わたしのリセットボタンは自然の中の焚き火
心がギュウギュウになると、いつも決まって焚き火をします。ひとつずつ丁寧に重石を取り除いてくれているような気持ちになるんです。自分の思い通りに物事が運んでくれると期待してしまうから、そのぶん、つまずくことも多いのだと思います。焚き火に出会うまではこの心のギュウギュウをリセットできずにいて、人と会うことすら臆病になっていた自分を思い返すと、焚き火というリセットスイッチはわたしにとってとても大切な習慣と言えますね。
さて、今回はこれまでとは趣向を変えて、自然の恵みを受ける効果について書いてみたいと思います。
焚き火を通して気付くことはたくさん
有名な話かもしれませんが、焚き火には「1/fゆらぎ(エフぶんのいちゆらぎ)」という人を癒す効果があるそうです。1/fゆらぎは 快適性と関係があることが判明している。人間の生体は五感を通して外界から 1/f ゆらぎ を感知すると、生体リズムと共鳴し、自律神経が整えられ、 精神が安定し、 活力が湧くと考えられている。(出典:Wikipedia)
なにやら調べてみると、焚き火だけじゃなく自然のあらゆるものに「1/fゆらぎ」があるんだとか。草木の擦れる音、川のせせらぎ、鳥のさえずり、虫の声、波音……。
キャンプに足を運べば「1/fゆらぎ」に包まれているのだと知ると、すごく素敵な趣味ではないかと思うようになりました。
思い通りにいかないのは当たり前、そのことを自然から教わる
自然はもうひとつ、わたしに少しずつ変化をもたらしています。思い通りにならないと自分を責める癖があったのですが、自然の中では思い通りにならないことばかりに見舞われます。だって火を熾すことさえ難儀してしまいますから。
そうすると思い通りにならないことが当たり前、もしも思い通りになったら喜びを感じることができます。このような経験のおかげで、日々の生活の中での物事の捉え方も少しずつ変化してきているのかなと思います。

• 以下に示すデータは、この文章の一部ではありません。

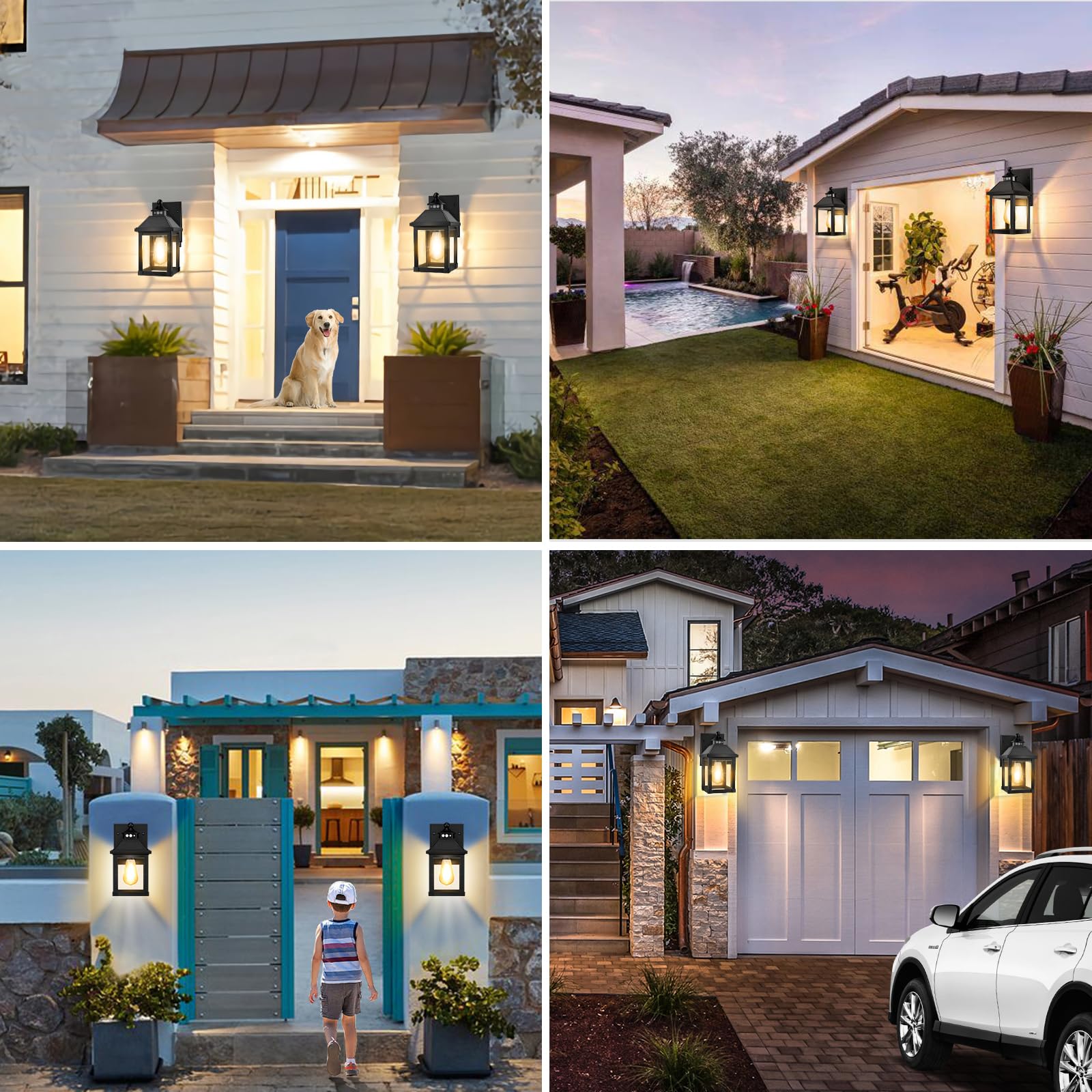 AEQ Solar Veranda Lichter Außen, Solar Wandleuchte Außen mit Bewegungssensor, Wasserdichte Wandleuchte mit Klarem Panel für Garage, Veranda, Hof, Haustür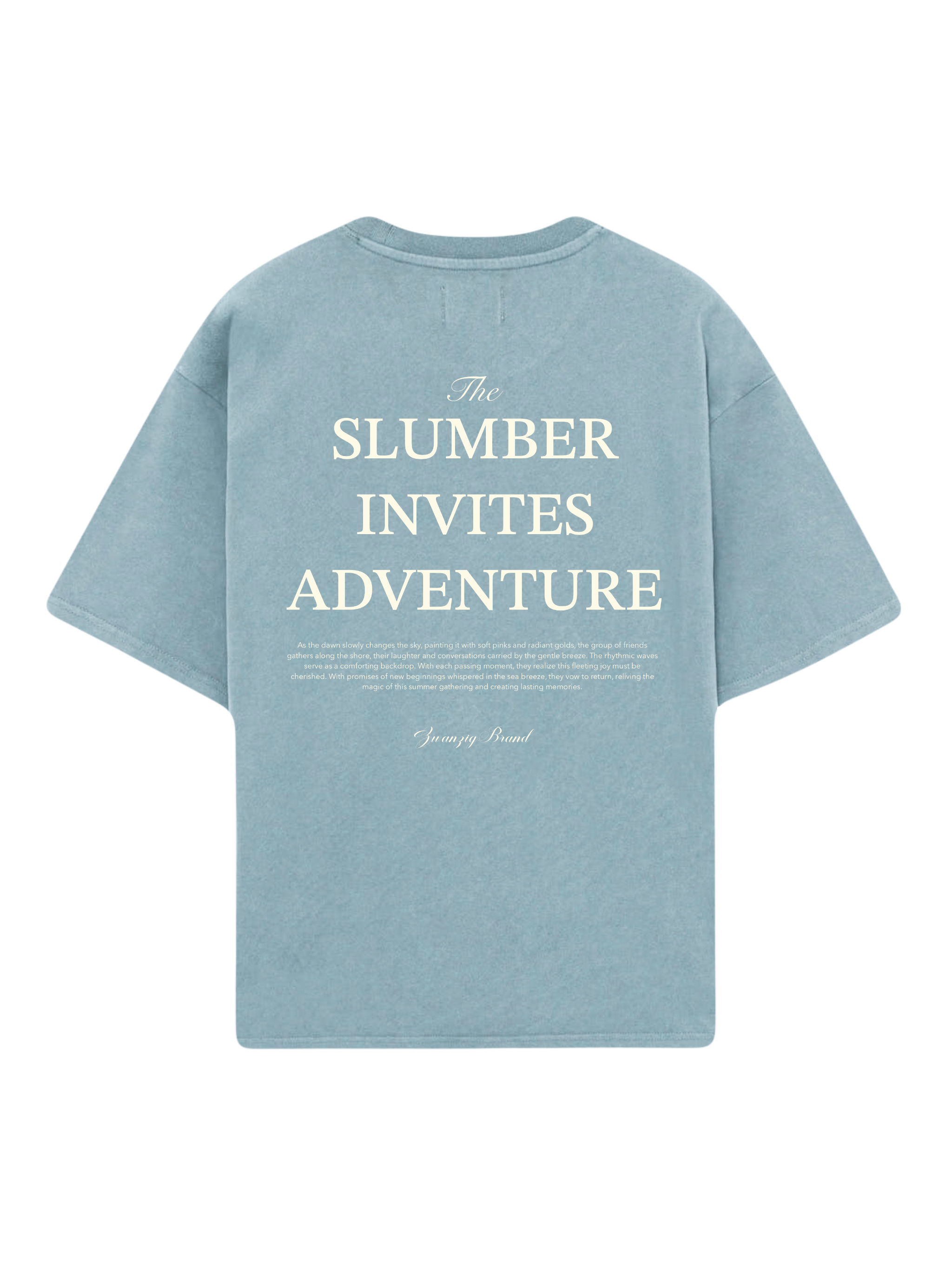 Camiseta Adventure color azul claro oversize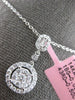 .52CT DIAMOND 14KT WHITE GOLD 3D ROUND & BAGUETTE CLUSTER HALO FLOATING PENDANT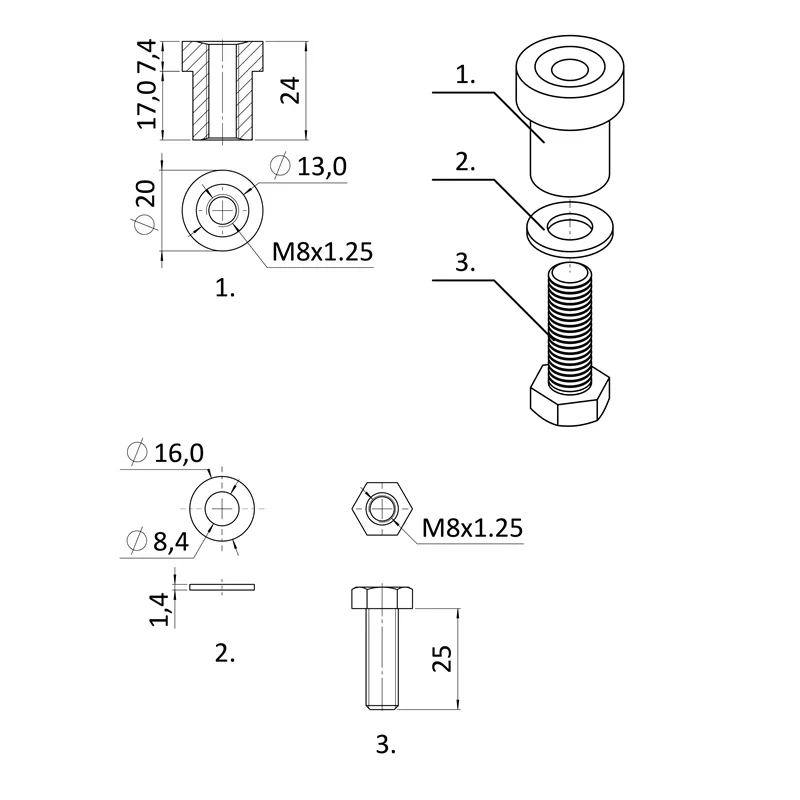CREM-S-IX - Privarovacia matica INOX (dĺžka 30mm) so skrutkou M8x30 pre uchytenie kovového hrebeňa CREM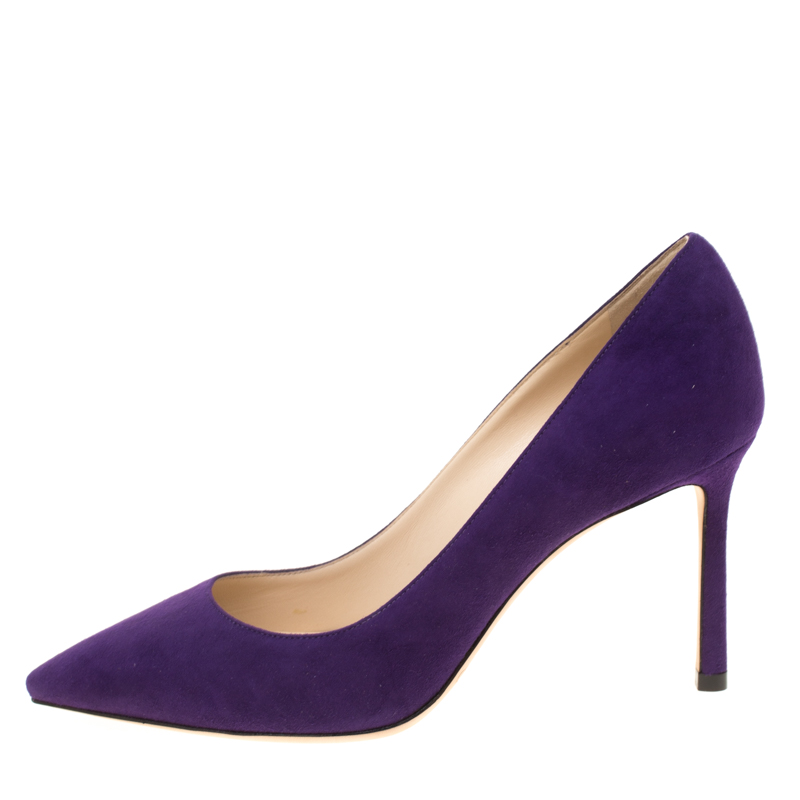 

Jimmy Choo Purple Suede Romy Pointed Toe Pumps Size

生活の基本は「衣食住」と言われますが、自然では「衣食住炎」
さて焚き火の話に戻すと、炎は癒し効果だけでなく人間にとってなくてはならない大きな役割を持っています。暖をとる、料理をする、灯りにするなど知らず知らずのうちにわたしたちの生活基盤となっていますが、キャンプではその恩恵を直に受ける場面が多く、炎のありがたみを最大限に感じることができるのではないでしょうか。
きっとキャンパーのみなさんに焚き火好きの方が沢山いらっしゃるのは、こういった理由があるからでしょう。
わたしはキャンプを始めたころからメタルマッチと麻紐、そしてロウ漬けした割り箸を使っているのですが、いつかは現地で採取する自然の材料だけを使った「きりもみ式の火起こし」に挑戦してみたいですね。
より一層、炎のありがたみを感じることができ、焚き火の見方も変わるのではないかなと思っています。
人それぞれのリセットスイッチ、あなたも見つけてみませんか?
このコラムを読んでくださっているみなさんはストレスを抱えたとき、どのようにリセットされていますか?お酒を飲んだり、カラオケしたり、誰かと話したり、映画を観たり、きっとそれぞれの解消法をお持ちだと思います。中には自分のリセットスイッチが見つけられなくて、いつも心がギュウギュウしている方もいらっしゃるかもしれません。
そんな方はぜひ野に出て、自然の中にある「1/fゆらぎ」に包まれたひとときを、焚き火とともに楽しんでみてください。体の中心からじわじわと鎖が解けていくような、積もった重石が取り除かれていくようなそんな気持ちを味わえるのではないかと思います。
まずは野に出て癒しの恵みに包まれてみよう!
さて第四回目のアウトドア女子ヒミカのコラムはいかがだったでしょうか? 今回は道具というよりも、わたし自身の内面について少し書かせていただきました。それでは次回もお楽しみに。